Provided records below:

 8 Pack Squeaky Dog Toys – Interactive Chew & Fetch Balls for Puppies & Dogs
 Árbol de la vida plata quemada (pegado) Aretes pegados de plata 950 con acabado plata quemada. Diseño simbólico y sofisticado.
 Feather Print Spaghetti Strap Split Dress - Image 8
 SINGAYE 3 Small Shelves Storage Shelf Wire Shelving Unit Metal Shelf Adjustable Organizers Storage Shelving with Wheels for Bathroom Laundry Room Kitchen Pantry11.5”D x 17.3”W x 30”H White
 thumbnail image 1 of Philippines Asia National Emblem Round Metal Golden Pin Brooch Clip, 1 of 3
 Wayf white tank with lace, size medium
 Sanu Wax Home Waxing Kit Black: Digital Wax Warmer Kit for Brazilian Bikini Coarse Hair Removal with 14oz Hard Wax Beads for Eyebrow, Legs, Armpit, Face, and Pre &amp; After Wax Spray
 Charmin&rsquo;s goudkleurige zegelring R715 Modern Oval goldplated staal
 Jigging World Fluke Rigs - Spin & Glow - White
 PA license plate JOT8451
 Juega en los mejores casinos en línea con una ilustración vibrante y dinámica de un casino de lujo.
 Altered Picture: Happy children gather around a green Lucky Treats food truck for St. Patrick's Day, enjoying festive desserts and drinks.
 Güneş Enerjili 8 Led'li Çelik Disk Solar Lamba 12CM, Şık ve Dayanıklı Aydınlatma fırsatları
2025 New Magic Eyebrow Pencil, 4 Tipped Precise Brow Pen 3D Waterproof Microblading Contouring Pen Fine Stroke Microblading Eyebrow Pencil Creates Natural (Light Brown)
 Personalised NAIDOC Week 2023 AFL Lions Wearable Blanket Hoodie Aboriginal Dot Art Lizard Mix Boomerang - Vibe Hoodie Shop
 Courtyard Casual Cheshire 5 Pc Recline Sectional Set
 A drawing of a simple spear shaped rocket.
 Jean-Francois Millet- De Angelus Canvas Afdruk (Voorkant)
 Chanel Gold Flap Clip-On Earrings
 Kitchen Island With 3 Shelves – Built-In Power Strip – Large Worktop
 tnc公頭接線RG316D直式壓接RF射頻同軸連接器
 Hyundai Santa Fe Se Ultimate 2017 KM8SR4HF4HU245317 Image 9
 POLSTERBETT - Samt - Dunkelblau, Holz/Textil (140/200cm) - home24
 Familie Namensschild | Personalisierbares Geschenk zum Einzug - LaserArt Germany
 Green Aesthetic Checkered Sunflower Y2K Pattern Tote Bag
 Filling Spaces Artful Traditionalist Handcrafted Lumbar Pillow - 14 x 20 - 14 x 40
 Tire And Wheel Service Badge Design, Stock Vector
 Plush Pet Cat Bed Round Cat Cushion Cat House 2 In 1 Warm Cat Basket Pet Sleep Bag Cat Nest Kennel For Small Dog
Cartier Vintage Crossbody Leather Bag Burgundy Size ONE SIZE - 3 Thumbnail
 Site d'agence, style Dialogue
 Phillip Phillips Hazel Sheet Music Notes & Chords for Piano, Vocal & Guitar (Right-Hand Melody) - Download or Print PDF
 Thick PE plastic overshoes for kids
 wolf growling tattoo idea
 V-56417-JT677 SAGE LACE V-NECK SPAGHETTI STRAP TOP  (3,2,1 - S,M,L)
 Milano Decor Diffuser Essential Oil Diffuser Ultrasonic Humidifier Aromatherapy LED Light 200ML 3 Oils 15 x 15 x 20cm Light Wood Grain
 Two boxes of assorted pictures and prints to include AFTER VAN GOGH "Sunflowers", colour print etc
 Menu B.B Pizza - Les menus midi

End of Provided records.

» Exercise description: Print the records again in their entirety, character for character.

» Solution to the problem:
 8 Pack Squeaky Dog Toys – Interactive Chew & Fetch Balls for Puppies & Dogs
 Árbol de la vida plata quemada (pegado) Aretes pegados de plata 950 con acabado plata quemada. Diseño simbólico y sofisticado.
 Feather Print Spaghetti Strap Split Dress - Image 8
 SINGAYE 3 Small Shelves Storage Shelf Wire Shelving Unit Metal Shelf Adjustable Organizers Storage Shelving with Wheels for Bathroom Laundry Room Kitchen Pantry11.5”D x 17.3”W x 30”H White
 thumbnail image 1 of Philippines Asia National Emblem Round Metal Golden Pin Brooch Clip, 1 of 3
 Wayf white tank with lace, size medium
 Sanu Wax Home Waxing Kit Black: Digital Wax Warmer Kit for Brazilian Bikini Coarse Hair Removal with 14oz Hard Wax Beads for Eyebrow, Legs, Armpit, Face, and Pre &amp; After Wax Spray
 Charmin&rsquo;s goudkleurige zegelring R715 Modern Oval goldplated staal
 Jigging World Fluke Rigs - Spin & Glow - White
 PA license plate JOT8451
 Juega en los mejores casinos en línea con una ilustración vibrante y dinámica de un casino de lujo.
 Altered Picture: Happy children gather around a green Lucky Treats food truck for St. Patrick's Day, enjoying festive desserts and drinks.
 Güneş Enerjili 8 Led'li Çelik Disk Solar Lamba 12CM, Şık ve Dayanıklı Aydınlatma fırsatları
2025 New Magic Eyebrow Pencil, 4 Tipped Precise Brow Pen 3D Waterproof Microblading Contouring Pen Fine Stroke Microblading Eyebrow Pencil Creates Natural (Light Brown)
 Personalised NAIDOC Week 2023 AFL Lions Wearable Blanket Hoodie Aboriginal Dot Art Lizard Mix Boomerang - Vibe Hoodie Shop
 Courtyard Casual Cheshire 5 Pc Recline Sectional Set
 A drawing of a simple spear shaped rocket.
 Jean-Francois Millet- De Angelus Canvas Afdruk (Voorkant)
 Chanel Gold Flap Clip-On Earrings
 Kitchen Island With 3 Shelves – Built-In Power Strip – Large Worktop
 tnc公頭接線RG316D直式壓接RF射頻同軸連接器
 Hyundai Santa Fe Se Ultimate 2017 KM8SR4HF4HU245317 Image 9
 POLSTERBETT - Samt - Dunkelblau, Holz/Textil (140/200cm) - home24
 Familie Namensschild | Personalisierbares Geschenk zum Einzug - LaserArt Germany
 Green Aesthetic Checkered Sunflower Y2K Pattern Tote Bag
 Filling Spaces Artful Traditionalist Handcrafted Lumbar Pillow - 14 x 20 - 14 x 40
 Tire And Wheel Service Badge Design, Stock Vector
 Plush Pet Cat Bed Round Cat Cushion Cat House 2 In 1 Warm Cat Basket Pet Sleep Bag Cat Nest Kennel For Small Dog
Cartier Vintage Crossbody Leather Bag Burgundy Size ONE SIZE - 3 Thumbnail
 Site d'agence, style Dialogue
 Phillip Phillips Hazel Sheet Music Notes & Chords for Piano, Vocal & Guitar (Right-Hand Melody) - Download or Print PDF
 Thick PE plastic overshoes for kids
 wolf growling tattoo idea
 V-56417-JT677 SAGE LACE V-NECK SPAGHETTI STRAP TOP  (3,2,1 - S,M,L)
 Milano Decor Diffuser Essential Oil Diffuser Ultrasonic Humidifier Aromatherapy LED Light 200ML 3 Oils 15 x 15 x 20cm Light Wood Grain
 Two boxes of assorted pictures and prints to include AFTER VAN GOGH "Sunflowers", colour print etc
 Menu B.B Pizza - Les menus midi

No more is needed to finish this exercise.